Notre vision, incomplète, montre que le cœur du site où se développe une activité humaine bénéficie d’une protection naturelle vers l’ouest mais aussi de celle d’enclos adventices dont le rôle n’est pas à minimiser. La répartition des activités dans le noyau central de l’habitat sera précisée à l’avenir mais elle est caractérisée par une nette séparation entre un espace très protégé réservé à un habitat (l’enclos central) et un espace plus densément utilisé (enclos est) où se développe sans doute les dépendances d’un secteur privilégié.

Il faut noter enfin l’absence de structures souterraines datées de cette nouvelle phase. Ce phénomène n’est pas unique et on le retrouve notamment à Paule. Il est vrai que dans un contexte d’habitat fortifié, il n’est peut être pas nécessaire de créer des caches souterraines pour stocker des vivres.

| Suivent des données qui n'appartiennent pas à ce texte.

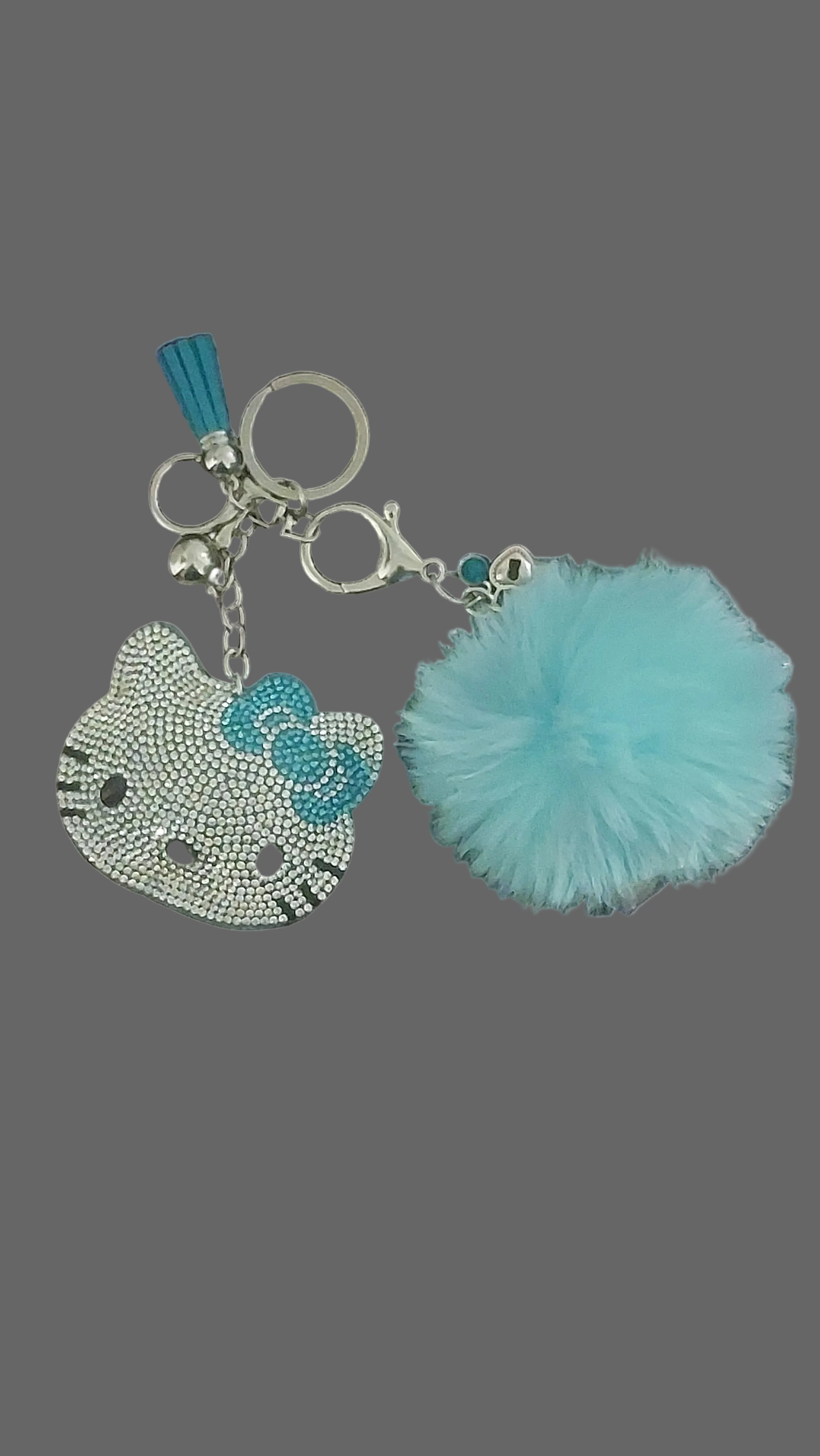 Cat keychain/bagcharm w/pompom charm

Il est probable que des greniers ont succédé aux souterrains sur les sites de cette nature.

Parallèlement, des changements profonds affectent la céramique de cette période. Les formes changent, les cannelures internes ornant sur les rebords des vases de la période précédente diminuent. Au niveau des décors, la coupure est plus nette. La céramique graphitée tend à disparaître ainsi que les décors estampés qui l’accompagnent bien souvent. En terme de quantité, les fossés d’enclos livrent de très nombreux vases, notamment au niveau des entrées. Les formes témoignent de l’acquisition et de la maîtrise du tour rapide par les potiers à partir du II e siècle avant J.C. Les décors de cordons, les stries multiples mais aussi les ornementations lustrées externes et internes caractérisent la céramique de cette période.

Mais cette céramique présente dans les comblements des fossés est datée prioritairement du début du second siècle avant notre ère. La Tène moyenne, le III e siècle, sont peu représentés par le mobilier. Seuls quelques fragments sont issus des remplissages secondaires des souterrains détruits par les fossés. Il y a donc, pour l’instant, un certain hiatus correspondant précisément au bouleversement de l’habitat.

Cela nous conduit à réfléchir sur la nature de la transition entre deux habitats bien différents. Plusieurs questions restent posées. L’implantation des enclos, l’organisation générale des ensembles plaident pour un changement dans un laps de temps assez court. La pauvreté du mobilier daté du III e siècle avant J.C. nous laisse perplexe: la céramique est le seul élément de datation dont nous disposons sur le site. En matière de chronologie relative, les relations entre structures, fossés et céramiques ne posent pas de problème mais les difficultés de chronologie absolue demeurent. Il n’est pas certain que quelques schémas chronologiques concernant la céramique du second âge du fer armoricain ne soient pas à revoir à la lumière des fouilles récentes.

Les bouleversements qui affectent l’habitat de Kerven - Teignouse interviennent à une période caractérisée par des mouvements de populations à travers le monde celte. Longtemps on a pensé que notre péninsule, au bout du monde, était restée à l’abri de ces turbulences et que « nos » celtes étaient différents des autres. Les recherches récentes démontrent bien que l’Armorique a participé pleinement à cette évolution. Alors, pourquoi ne pas associer les changements structuraux qui affectent Kerven - Teignouse à l’arrivée d’une nouvelle population, et /ou à la nécessité de mettre en place un habitat plus défensif. Une évolution semblable affecte le site de Paule, dans des proportions différentes mais il serait nécessaire d’étudier d’autres sites de même nature pour envisager une telle hypothèse. Pour l’instant, il est plus prudent de constater que l’évolution de Kerven - Teignouse du V e au III e siècle avant notre ère aboutit à un processus de fortification du site.